Now is the time that high school and college students get their summer jobs if they have not already. It is also the time of the year when many young people start careers.
My elder daughter began work this week in New York City and excitedly kept us all updated with pictures and videos from her phone — as a parent, these were hardly enough; I wanted to see it all.
It took me back to my own time living in the city in my 20s, walking to Chinatown for noodles, and split-second eye contact with strangers on the street. Especially in summer, there was a sense that we were all in it together, as if under a dome of our own while the rest of the world was at the beach. I still don’t really understand what it is that she is doing at work, but it sounds exciting.
My middle child is to start two restaurant jobs soon, one in Montauk, the other in Amagansett. These follow the previous two summers, when she worked at a bakery. The change may be a good thing; the only recent contact we had with its ownership was a, shall we say, spicy letter from a lawyer objecting to The Star’s coverage of its latest building plan. Such is the lot of the child of a newspaper editor: Sometimes it opens doors; as often, though, it slams them shut.

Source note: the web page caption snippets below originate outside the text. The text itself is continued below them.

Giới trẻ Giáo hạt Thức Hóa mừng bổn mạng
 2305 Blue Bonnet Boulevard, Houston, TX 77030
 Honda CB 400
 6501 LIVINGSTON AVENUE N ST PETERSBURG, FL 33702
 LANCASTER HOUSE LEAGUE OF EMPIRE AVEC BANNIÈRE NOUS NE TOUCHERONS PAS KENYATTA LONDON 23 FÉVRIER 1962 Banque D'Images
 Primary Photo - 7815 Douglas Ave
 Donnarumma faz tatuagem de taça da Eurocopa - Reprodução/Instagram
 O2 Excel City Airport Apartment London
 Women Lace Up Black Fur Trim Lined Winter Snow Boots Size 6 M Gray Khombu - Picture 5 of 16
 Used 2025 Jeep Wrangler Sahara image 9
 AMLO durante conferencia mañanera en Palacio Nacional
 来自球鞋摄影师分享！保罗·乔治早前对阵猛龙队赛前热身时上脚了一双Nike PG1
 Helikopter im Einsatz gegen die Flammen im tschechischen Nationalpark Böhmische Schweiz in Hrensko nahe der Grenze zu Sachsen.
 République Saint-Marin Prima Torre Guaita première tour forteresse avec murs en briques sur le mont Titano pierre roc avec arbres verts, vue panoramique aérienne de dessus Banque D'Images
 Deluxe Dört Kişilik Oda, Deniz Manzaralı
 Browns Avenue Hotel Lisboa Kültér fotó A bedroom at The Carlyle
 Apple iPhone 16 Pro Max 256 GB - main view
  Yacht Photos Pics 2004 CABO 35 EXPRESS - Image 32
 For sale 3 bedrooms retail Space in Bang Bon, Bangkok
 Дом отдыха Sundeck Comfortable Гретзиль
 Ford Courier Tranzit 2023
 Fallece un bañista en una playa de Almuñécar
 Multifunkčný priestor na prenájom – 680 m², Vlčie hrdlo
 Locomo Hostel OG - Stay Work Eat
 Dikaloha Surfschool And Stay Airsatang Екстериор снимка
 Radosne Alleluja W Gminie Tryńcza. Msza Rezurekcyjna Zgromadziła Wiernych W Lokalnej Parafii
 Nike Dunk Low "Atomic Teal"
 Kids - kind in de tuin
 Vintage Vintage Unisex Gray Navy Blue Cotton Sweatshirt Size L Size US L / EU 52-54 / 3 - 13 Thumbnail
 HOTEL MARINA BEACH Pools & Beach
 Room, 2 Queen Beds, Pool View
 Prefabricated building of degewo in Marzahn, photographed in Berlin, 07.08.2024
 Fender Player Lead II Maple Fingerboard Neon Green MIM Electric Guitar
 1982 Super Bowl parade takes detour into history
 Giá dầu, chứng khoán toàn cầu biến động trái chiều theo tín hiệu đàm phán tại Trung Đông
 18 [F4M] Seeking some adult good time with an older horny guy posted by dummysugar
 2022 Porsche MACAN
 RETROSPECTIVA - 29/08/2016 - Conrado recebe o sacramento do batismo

The youngest, only 13, is not legally allowed to work, though a number of his similarly aged classmates do have jobs off the books. So far this summer, he has been working out with weights in his room to “get big,” in his words, for football season at East Hampton Middle School. A niece, 16, is serving food at the Amagansett Beach Association snack bar.
In my case, the summer jobs I had here growing up were as a busboy at Georgette’s some nights and at the Sea Wolf, both at Three Mile Harbor. Later, Jimmy Minardi and I were lifeguards at South Lake Beach in Montauk, where the water never got more than waist deep and which was closed for health reasons a season or two later. Other years, I put up big tents for events and delivered party supplies like tables, chairs, and glassware. Somewhere in the sequence was my favorite, on Gardiner’s Island, mowing fields with a big tractor.
Summer jobs are important, and not just for making a few bucks of one’s own. They are a chance to see beyond one’s own immediate life and to learn to be reliable. I think the most important takeaway from my early working days was that it was important to take initiative, to find or ask for more tasks to do when an assigned one is done.
“You don’t want to be known as the guy around here who only does what he is told,” a boss with his own flair for spice told me once. That early lesson I have never forgotten.